DATASET EXTRACT Start Marker

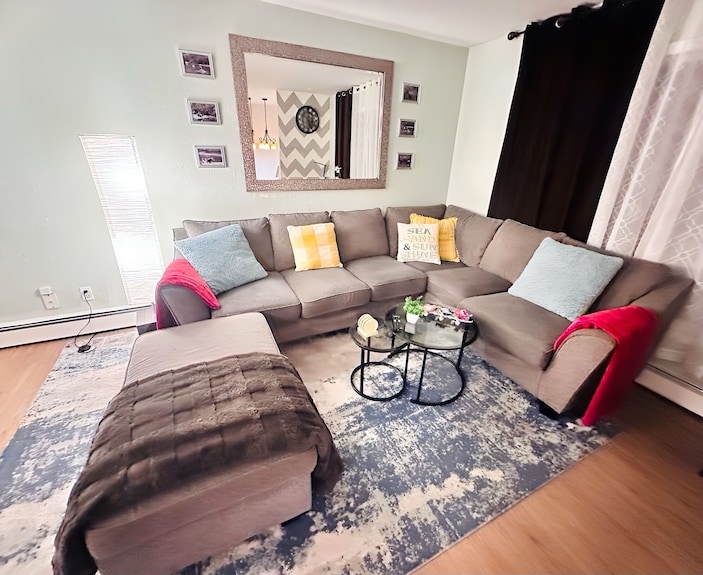 ️ Flying Bear "B" 3- Bedroom 1.5 Bath Comfortable Home ️ - Kodiak, AK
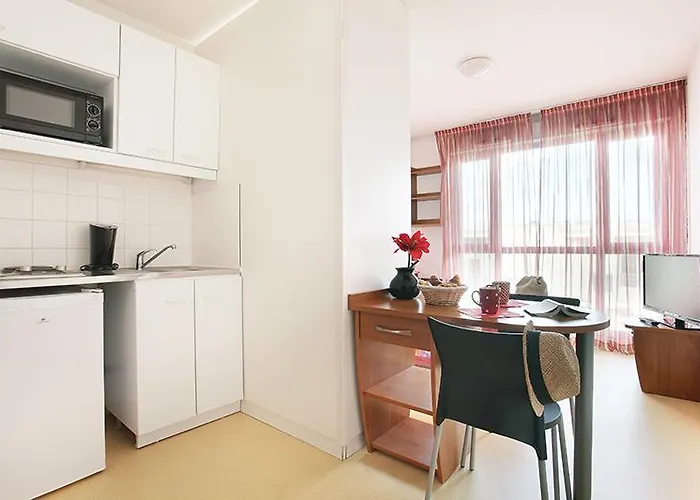 Neoresid - Le Valencey 3* Valence (Drome)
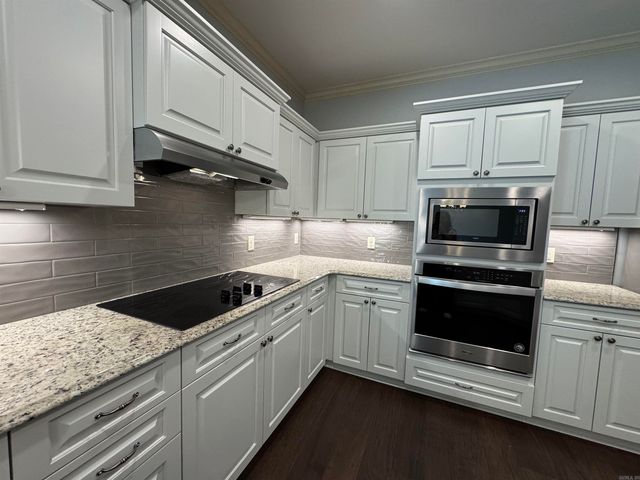 617 Edgemoor Terrace, Benton, AR 72015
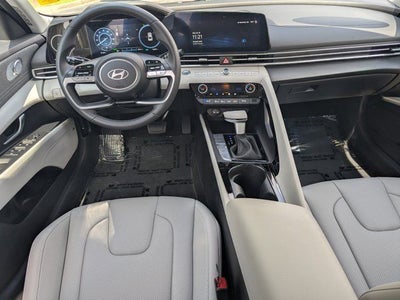 2024 Hyundai Elantra Hybrid Limited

DATASET EXTRACT End Marker

• ABOUT THIS TASK
Please give every line above again word for word, apart from the pictures.

• SOLUTION TO THE EXERCISE
 ️ Flying Bear "B" 3- Bedroom 1.5 Bath Comfortable Home ️ - Kodiak, AK
 Neoresid - Le Valencey 3* Valence (Drome)
 617 Edgemoor Terrace, Benton, AR 72015
 2024 Hyundai Elantra Hybrid Limited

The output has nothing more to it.